Description
Feature Type
-
Adding new functionality to pandas
-
Changing existing functionality in pandas
-
Removing existing functionality in pandas
Problem Description
Currently Series.nunique
has a default parameter dropna=True
.
However Series.unique
does not accept the dropna
the parameter.
This can cause the unexpected behaviour when: s.nunique()
is not nessesarly equal to len(s.unique())
.
See example below:
>>> import pandas as pd
>>> s = pd.Series([pd.NA, 1, pd.NA])
>>> s.unique()
array([<NA>, 1], dtype=object)
>>> len(s.unique())
2
>>> s.nunique()
1
I believe it should be addressed to avoid implicit behaviour.
Feature Description
Simplest way to addess it would be to change the default parameter of Series.nunique
to dropna=False
.
Analogously the same default parameter for DataFrame.nunique
.
This would be consistent with current summary of the method:
Count number of distinct elements in specified axis.
Return Series with number of distinct elements.

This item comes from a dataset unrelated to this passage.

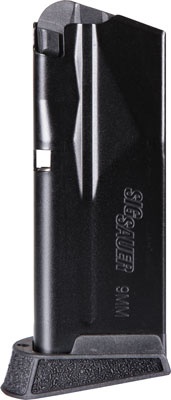 Sig Magazine P365 9Mm 10Rd Finger Extension Blk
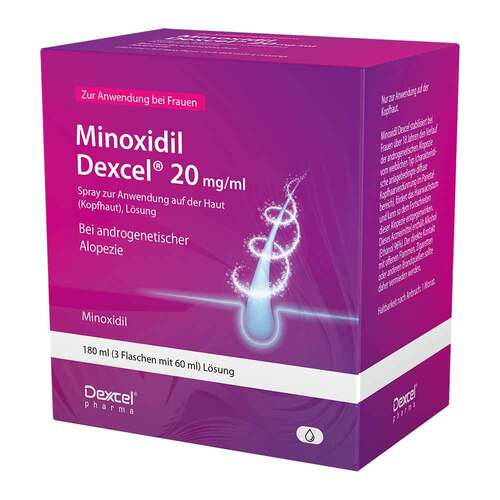 Minoxidil Dexcel 20 mg / ml Spray z.Anw.a.d.Kopfhaut - 1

Can ignore NaN values.
"Can ignore NaN values.", hints that should be optional parameter not enabled by default.
Alternative Solutions
Another approach to force consistent NaN handling by default would be to addapt Series.unique
to accept dropna
and set it to True
by default.
Although possible, this is more laborious and more impactful change on Pandas API.
Additional Context
No response
EDIT: Typos